▶ _Material provided_
::::

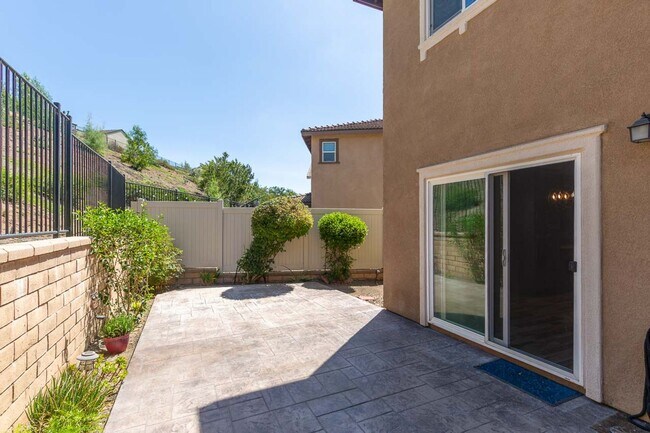Building Photo - 4 Bed, 3 Bath - Fallbrook Single Family Home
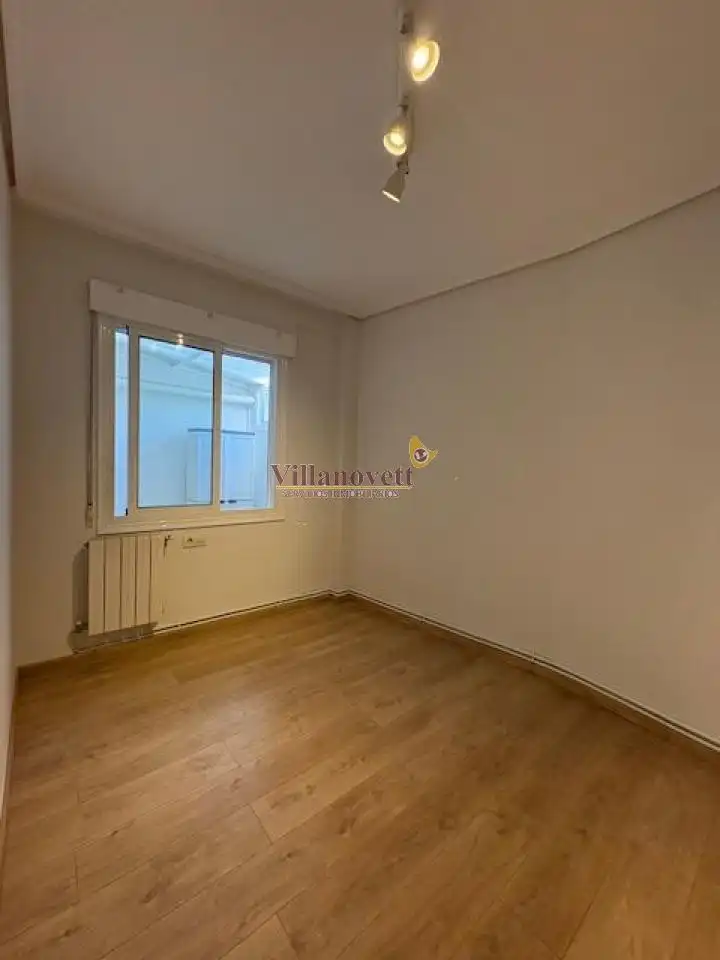 Habitación de Piso de alquiler en Vigo  con Calefacción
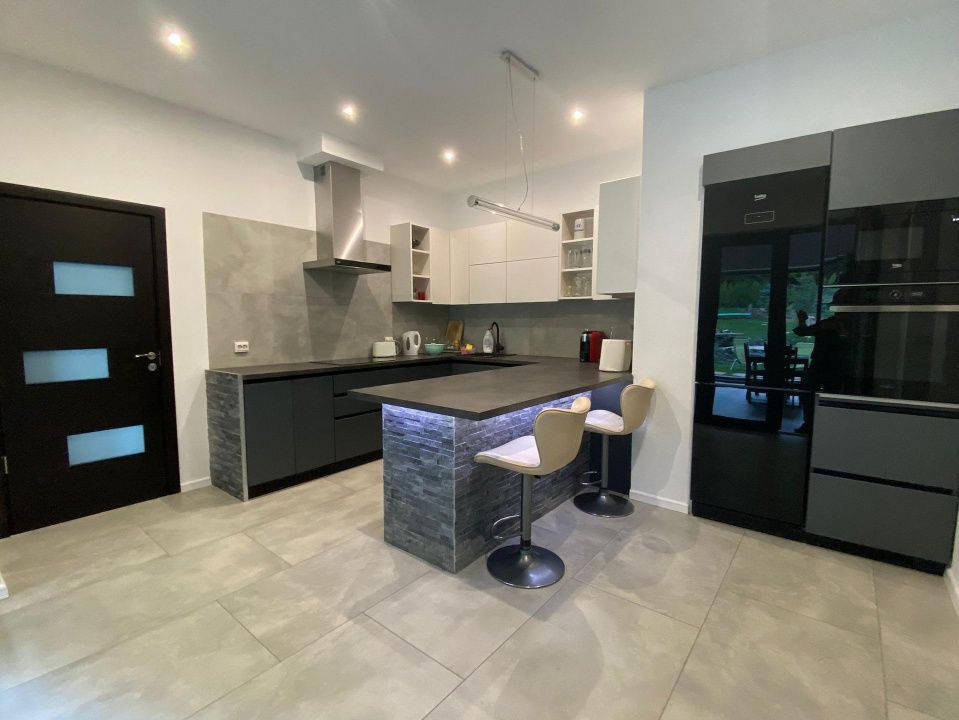 Casa Lux Mediteraniana cu 1620 mp. teren mobilata utilata CETATE cazare pensiune – fotografia 1 din 52
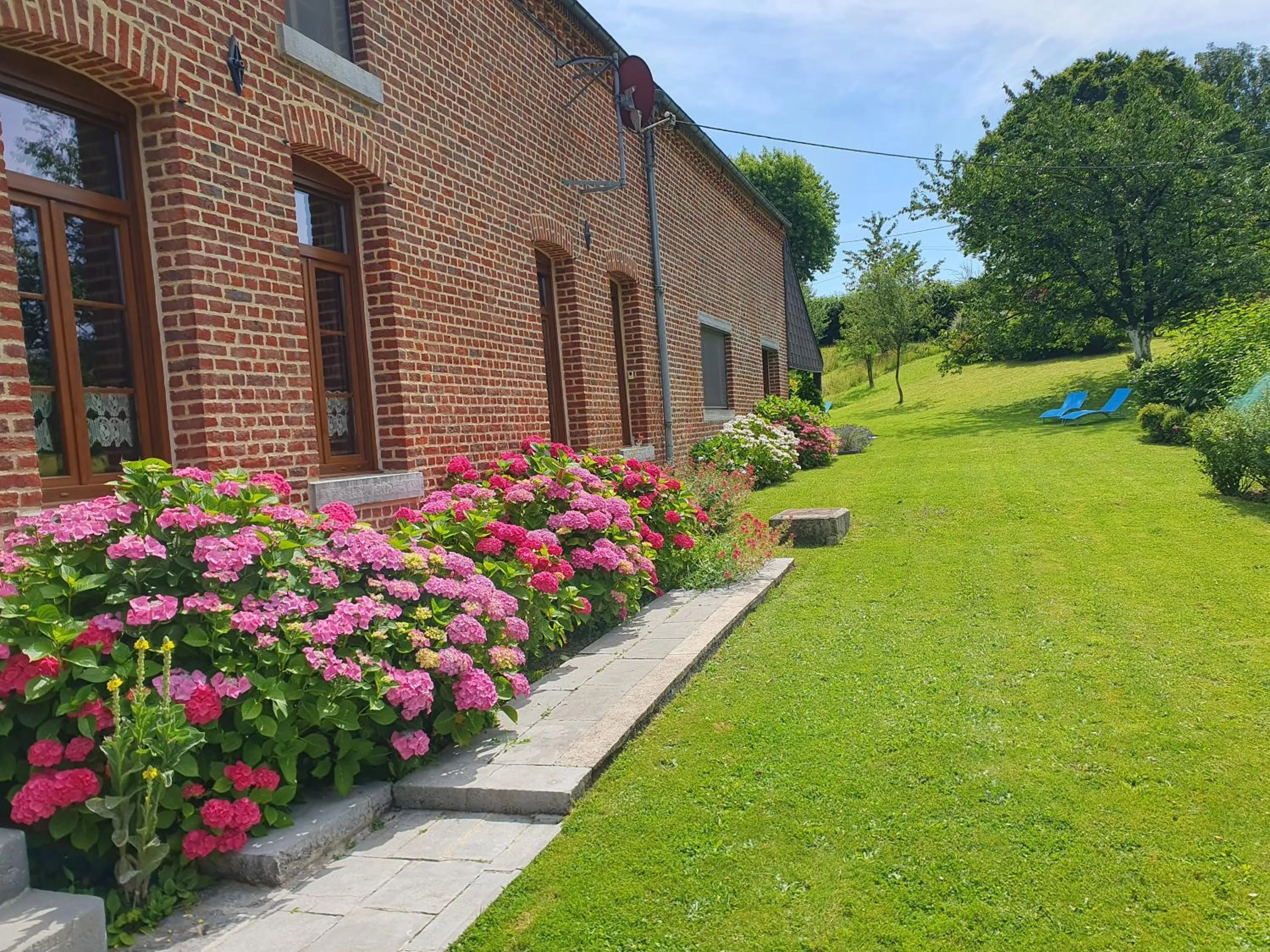 Property building in Les Mout'Anes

::::

Go through the listing above and write it all out exactly, leaving out any picture.

Building Photo - 4 Bed, 3 Bath - Fallbrook Single Family Home
 Habitación de Piso de alquiler en Vigo  con Calefacción
 Casa Lux Mediteraniana cu 1620 mp. teren mobilata utilata CETATE cazare pensiune – fotografia 1 din 52
 Property building in Les Mout'Anes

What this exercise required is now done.